Mereka pandai membungkus janji dengan retorika, tetapi miskin dalam mendengar denyut kebutuhan nyata, seperti akses pendidikan, layanan dasar, dan keadilan sosial. Maka benar adanya, bahwa suara rakyat bukan untuk dibeli, tetapi untuk dipahami dan diperjuangkan.
-
Baca Juga :
-
“Pemimpin karbitan,” seperti yang saya sering sebut dalam tulisan-tuilisan saya, sesungguhnya adalah mereka yang naik bukan karena integritas, tetapi karena kepentingan.
Dan Adnan, secara tanpa sadar mungkin telah memanggil nurani banyak orang untuk kembali bertanya: “Untuk siapa sesungguhnya kekuasaan itu dipakai?”

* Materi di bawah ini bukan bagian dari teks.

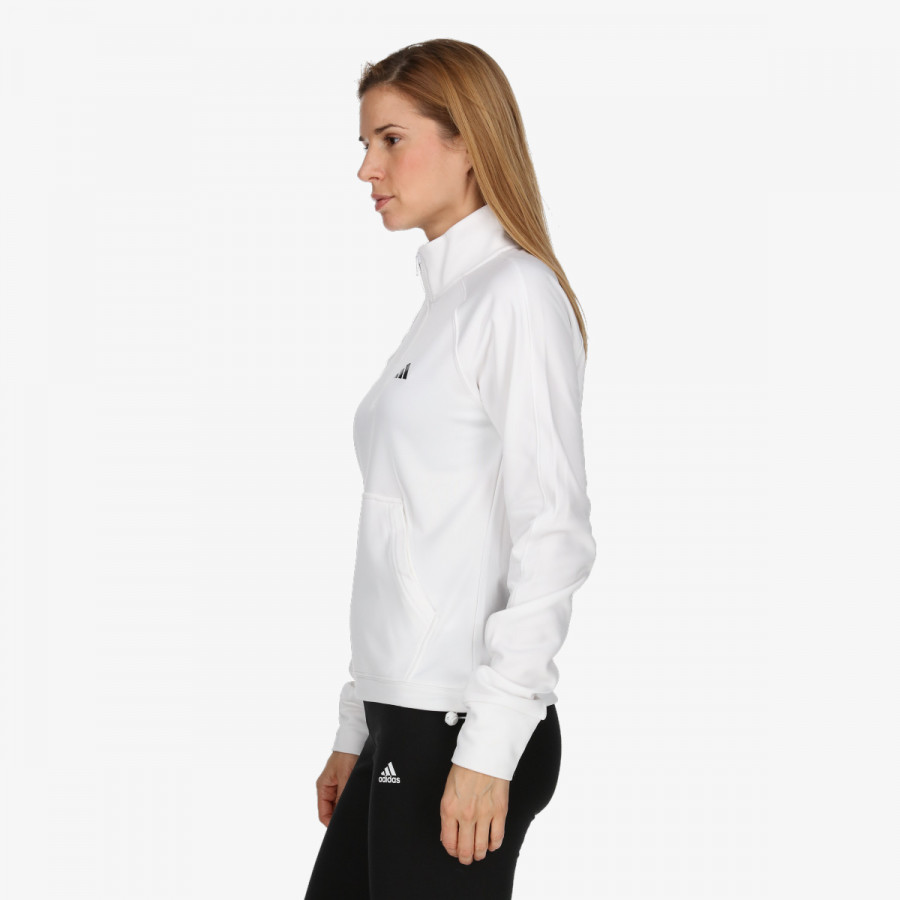 adidas KAPUCAR W GG 1/4 ZIP 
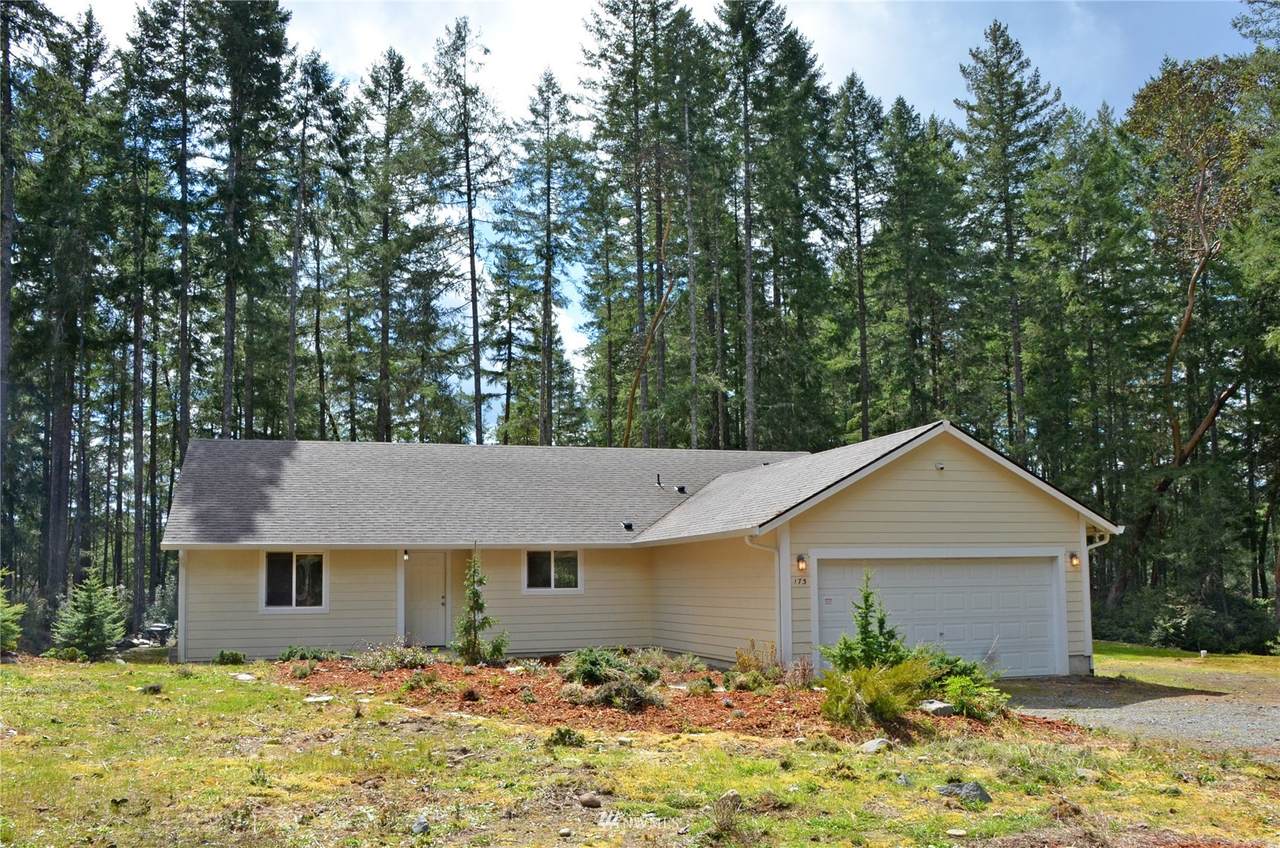 173 Twanoh Heights Road - Photo 1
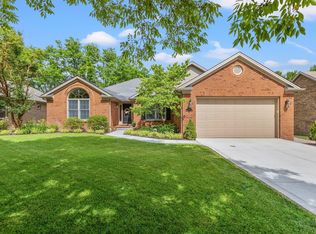 1400 Saddle Club Way, Lexington, KY 40504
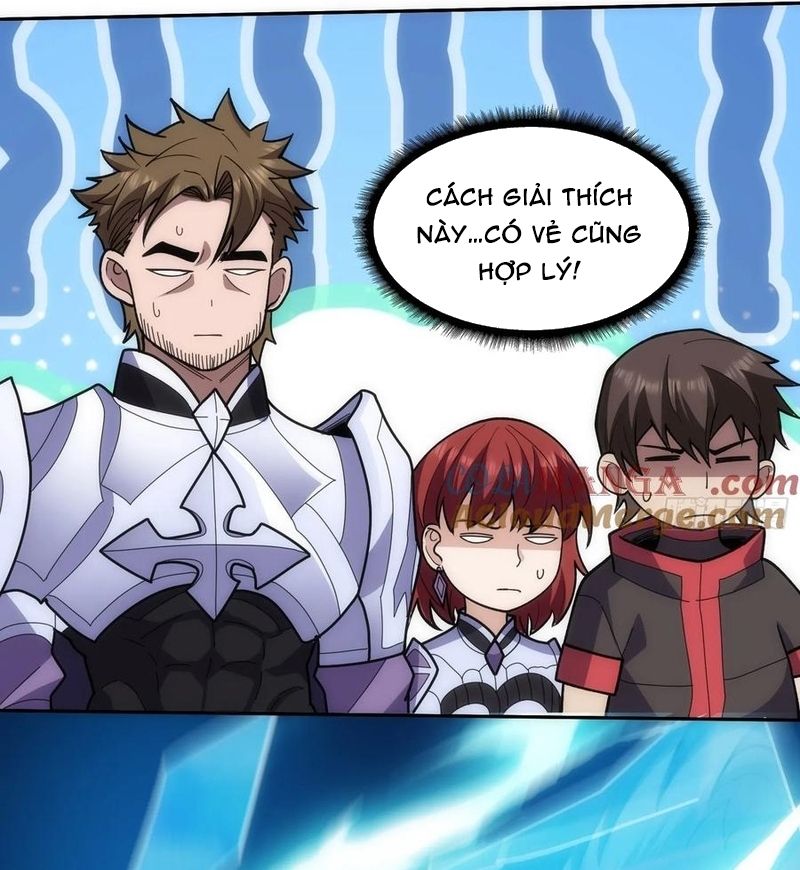 Nhân Vật Phản Diện? Chắc Chắn Không Phải Ta Chapter 184 - 13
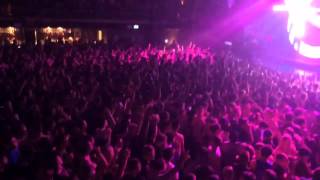 Sub Focus - Out The Blue - Live Manchester Ritz - 17/10/13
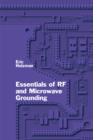 Image for Essentials of Rf and Microwave Grounding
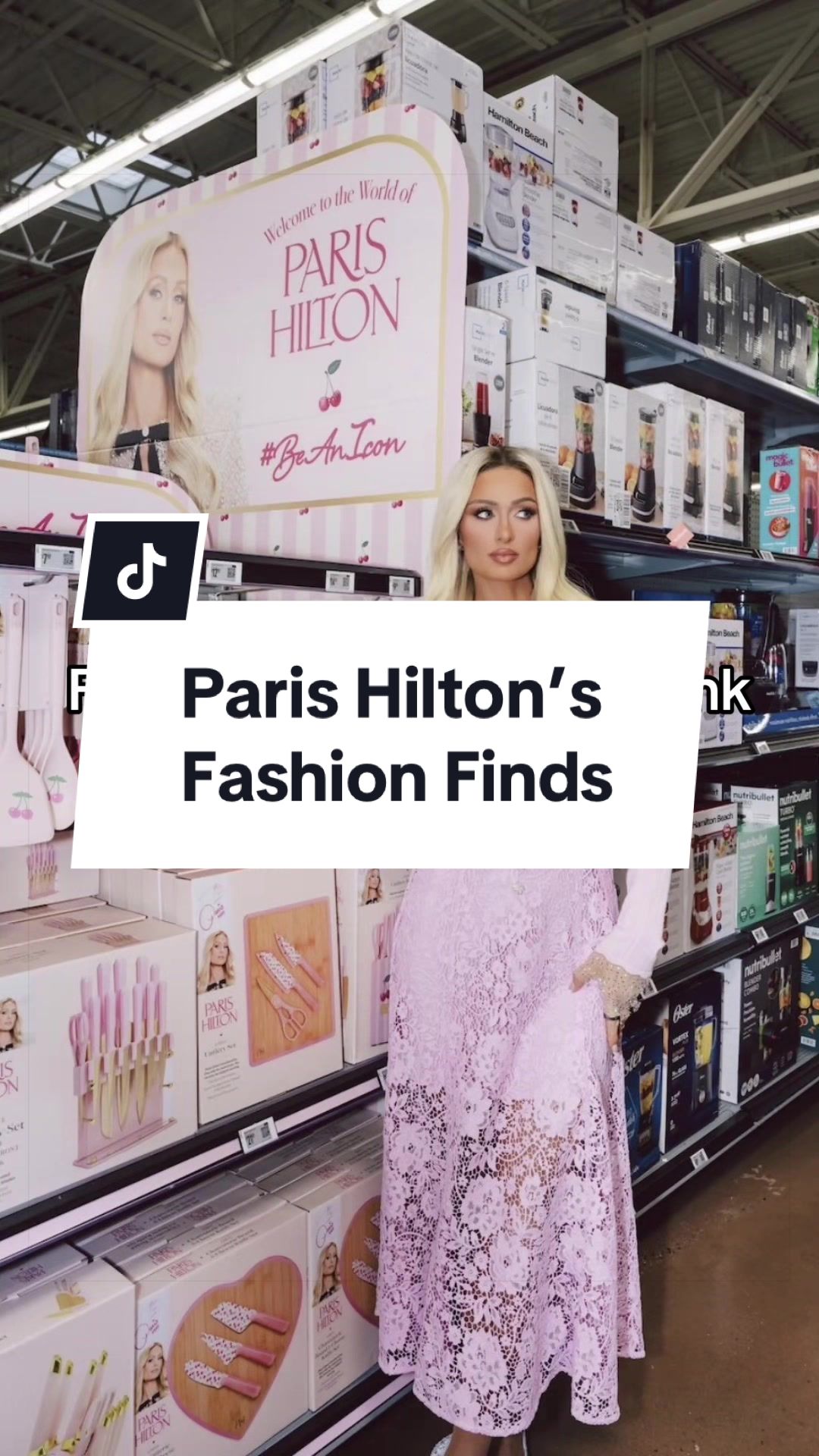 @Fashion Finders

Jika saja narasi harapan dalam bentuk kejujuran kita, dan jika saja lebih banyak orang mampu bersuara secara jujur dan berani, barangkali ‘suara sunyi’ seperti milik Adnan tak akan lagi dipikul sendirian.
Dan menurut saya, masalah Adnan ini lebih menarik daripada perihal tentang pembarakan peserta didik yang dianggap bermasalah karakternya, yang dilakukan oleh Gubernur Jawa Barat Dedi Mulyadi, karena apa yang dilakukan oleh Dedi Mulyadi merupakan hak beliau untuk menentukan kebijakan pendidikan di wilayah yang dipimpinnya, terlepas dari paham atau tidaknya beliau tentang pedagogi dan sistem pendidikan yang ada.
Sesungguhnya, kisah Adnan memiliki resonansi yang lebih kuat, karena dia adalah cerminan dari realitas pendidikan di Indonesia, kisah seorang anak yang mewakili seluruh anak-anak marginal di negara bi-adab ini, yang berjuang tanpa fasilitas dan perhatian yang seharusnya diberikan oleh sistem.
Sementara tindakan Dedi Mulyadi dalam kebijakan pendidikan adalah bagian dari kewenangannya sebagai pemimpin daerah, karena itulah mengapa cerita Adnan lebih menggugah, karena berasal dari inisiatif personal, bukan kekuasaan.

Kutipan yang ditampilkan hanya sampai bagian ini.